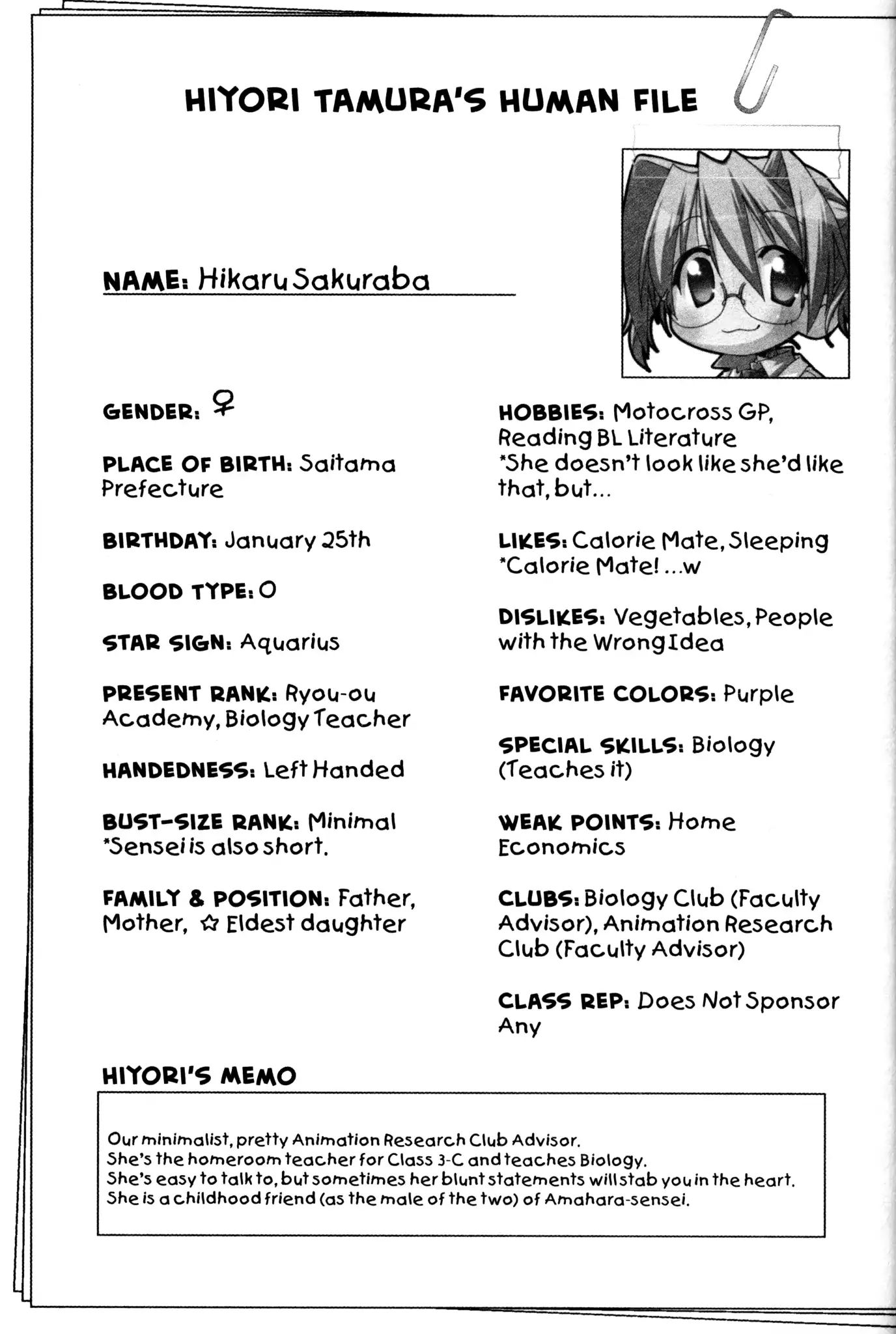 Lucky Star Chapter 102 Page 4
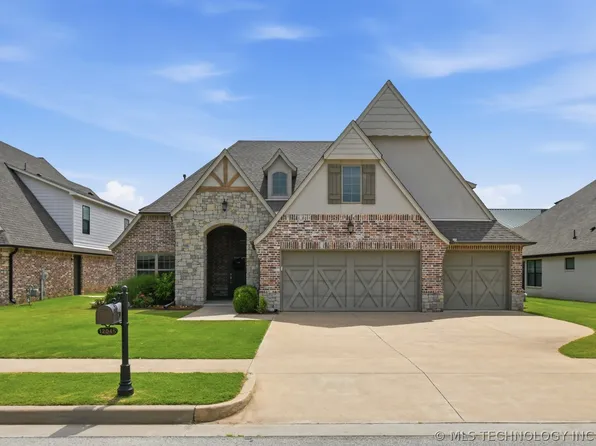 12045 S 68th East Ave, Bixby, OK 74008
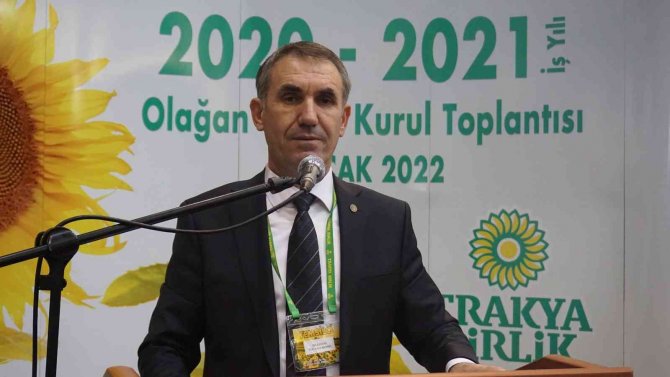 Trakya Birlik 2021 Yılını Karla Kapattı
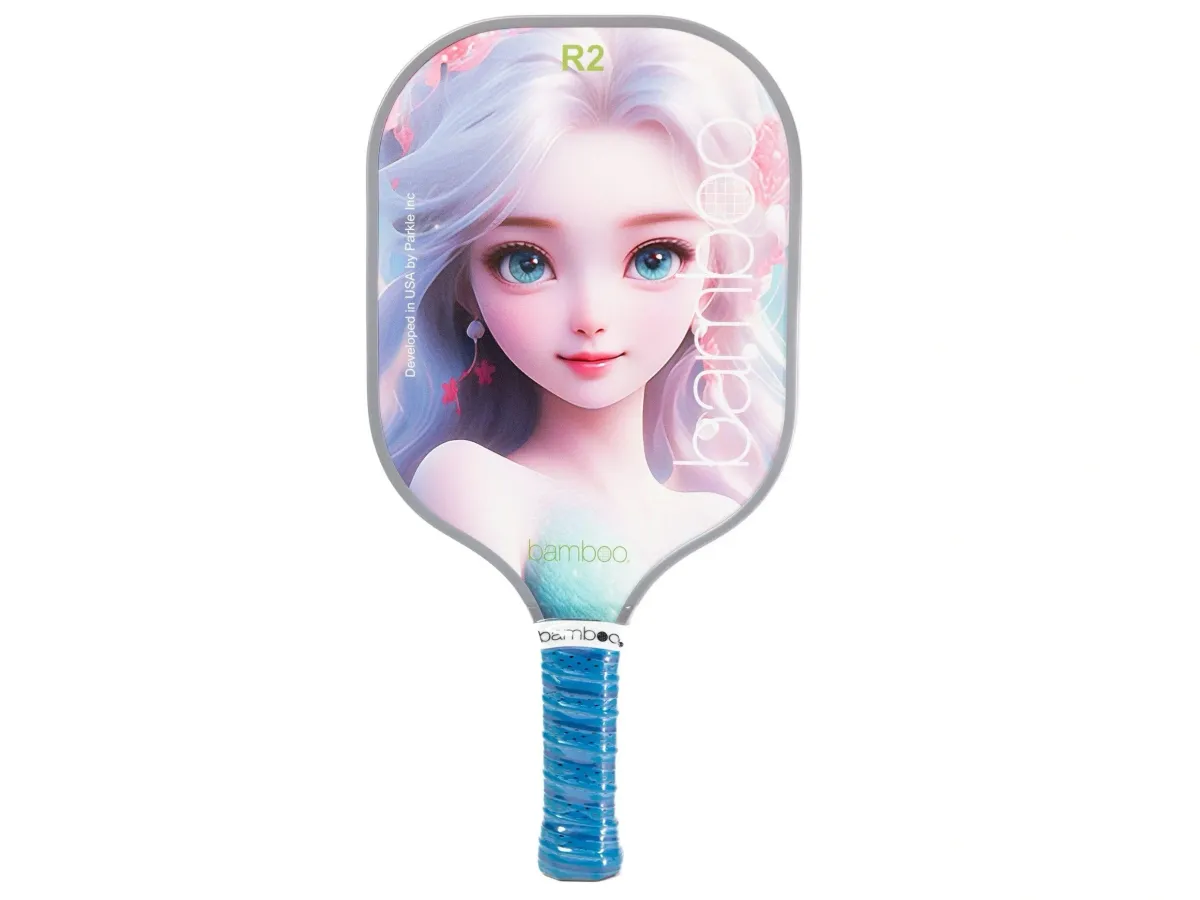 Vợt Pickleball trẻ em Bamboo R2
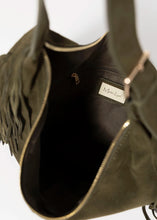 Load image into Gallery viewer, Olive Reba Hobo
──────
• _Assignment_: Repeat the records above exactly, without any pictures.

• _Task result_:
 Lucky Star Chapter 102 Page 4
 12045 S 68th East Ave, Bixby, OK 74008
 Trakya Birlik 2021 Yılını Karla Kapattı
 Vợt Pickleball trẻ em Bamboo R2
 Load image into Gallery viewer, Olive Reba Hobo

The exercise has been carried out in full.